VHSやカセットなど、いわゆるテープを使った記録媒体にデータを保存していた時代に、リールが逆回転する様からこの名が付いた。
現在の記録媒体はブルーレイやDVDなどディスク形式、さらにはデータという媒体になってしまった昨今、巻いて戻すことは行われないため、死語となった。
時代背景
見逃したシーンをもう一回見たい。よくセリフが聞き取れなかったからもう一回。などなど、録画したものだからこそ出来る「巻き戻し」という便利な機能。今でもDVDなどを見ながら意識せずに「ちょっと巻き戻して」なんて言っているオヤジも多いのではないだろうか。
だが、ちょっと待ってほしい。そのシーンに戻るために、いったいなにを巻いているというのだろうか…。
そう、巻き戻しとはカセットテープやVHSなど、いわゆるオヤジ世代のテープを使った記録媒体だからこその言葉なのだ。今の記録媒体はなにも巻いちゃあいないので、巻き戻しとは言わない。今は早戻しというのだ。その証拠にリモコンのボタンすら早戻しとなっているはずなので、確認してみてほしい。

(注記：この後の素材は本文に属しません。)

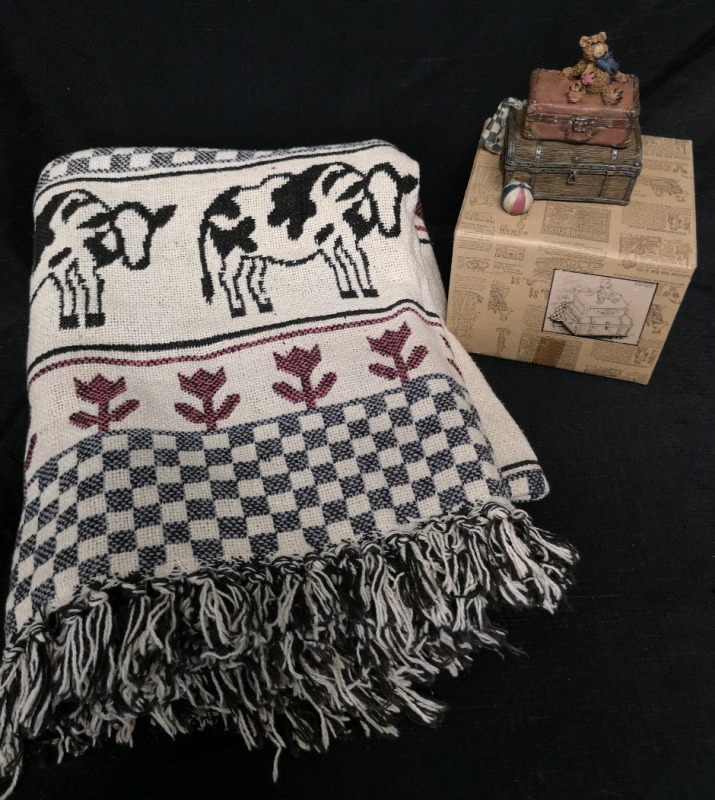 Cow Throw Blanket & Teddy Bear Figure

もはや巻く必要のない記録媒体が普及した現代において、「巻き戻し」という言葉は死語になってしまった。だが、いったいいつ消えて無くなってしまったのか……。
すこーし調べてみると、どうやらどのメーカーも2000年ごろには巻き戻しという表記を無くしているらしい。デジタル媒体となるベータカムの登場から7年余りを要したのは、あまりに言葉が浸透していたからだろうか。
それにしても、もうテープというものが無くなったのは寂しい限りだ……。もう上書きできないように、ビデオテープの爪を折ったり、録画するのにリアルタイムで番組を見ながらCMを飛ばしたり、ビデオを共有するためにダビング作業に精を出した思い出は語ることはできないのだ。
ああ、懐かしきVHSの思い出……。